The firm didn’t change its goal to realize profitability on an adjusted foundation by the tip of 2021 regardless of its bigger rival Uber Technologies Inc (N:) final week transferring ahead by a yr its profitability goal.
Lyft reported income of $1.02 billion in the fourth quarter, forward of analysts who anticipated $984 million in quarterly income, based on IBES information from Refinitiv.
For now, the corporate continues to make losses, reporting an adjusted internet lack of $121 million.
Lyft operates solely in the United States and a few Canadian cities. Its lively rider buyer base in the fourth quarter grew to 22.9 million from 22.Three million the earlier quarter. That compares with Uber’s international 111 million lively platform customers in the identical interval.
While Lyft’s ridership grew by greater than 6% in the primary half of 2019, growth in the second half slowed to round 2.5%.
Uber initially echoed Lyft in saying it might be worthwhile on an adjusted EBITDA foundation by the tip of 2021. But the corporate final week moved that concentrate on ahead by a yr, now promising buyers it might be worthwhile on that metric in the fourth quarter of 2020.
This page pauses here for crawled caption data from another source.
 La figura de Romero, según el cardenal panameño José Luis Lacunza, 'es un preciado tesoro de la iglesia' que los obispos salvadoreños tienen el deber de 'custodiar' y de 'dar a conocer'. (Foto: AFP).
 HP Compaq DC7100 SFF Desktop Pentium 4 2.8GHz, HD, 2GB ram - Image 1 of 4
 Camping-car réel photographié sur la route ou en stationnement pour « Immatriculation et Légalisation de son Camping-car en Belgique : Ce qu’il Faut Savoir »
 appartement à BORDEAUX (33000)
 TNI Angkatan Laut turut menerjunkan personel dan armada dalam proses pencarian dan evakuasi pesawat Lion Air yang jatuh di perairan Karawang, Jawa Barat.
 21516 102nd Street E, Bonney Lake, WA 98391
The adjusted EBITDA metric at each firms excludes bills for stock-based compensation and different objects. Share-based funds at Uber in all of 2019 amounted to just about $4.6 billion, or roughly a 3rd of income.
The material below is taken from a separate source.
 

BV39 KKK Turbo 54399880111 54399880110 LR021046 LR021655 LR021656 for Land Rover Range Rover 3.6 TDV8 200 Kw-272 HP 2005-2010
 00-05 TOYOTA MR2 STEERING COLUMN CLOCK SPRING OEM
Lyft’s stock-based compensation got here in at $1.6 billion for all of 2019, or 44% of full-year income.
Both firms went public final yr, Lyft in March, Uber in May, with many early workers and buyers promoting their shares.
Uber and Lyft, each dependent in San Francisco, are pursuing completely different roads in search of profitability, with Uber pouring cash into facet companies which have to this point misplaced cash and Lyft remaining targeted solely on transferring folks round.
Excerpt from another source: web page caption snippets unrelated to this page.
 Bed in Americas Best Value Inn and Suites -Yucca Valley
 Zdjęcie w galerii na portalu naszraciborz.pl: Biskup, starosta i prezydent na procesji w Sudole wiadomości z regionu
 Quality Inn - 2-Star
Lyft in January minimize 2% of its workforce in its gross sales and advertising division to realize its profitability goal, however mentioned it plans to rent extra folks this yr.
The firm continues to be spending closely, with complete prices in 2019 rising to $6.3 billion.
Uber and Lyft have traditionally relied on heavy subsidies to draw riders.
Lyft in October mentioned a rising variety of prospects had been paying full value, with reductions and promotional incentives reducing.
But Uber Chief Executive Dara Khosrowshahi informed buyers throughout an earnings name on Thursday that Lyft over the previous month or so had been extra aggressive in giving out reductions to draw prospects.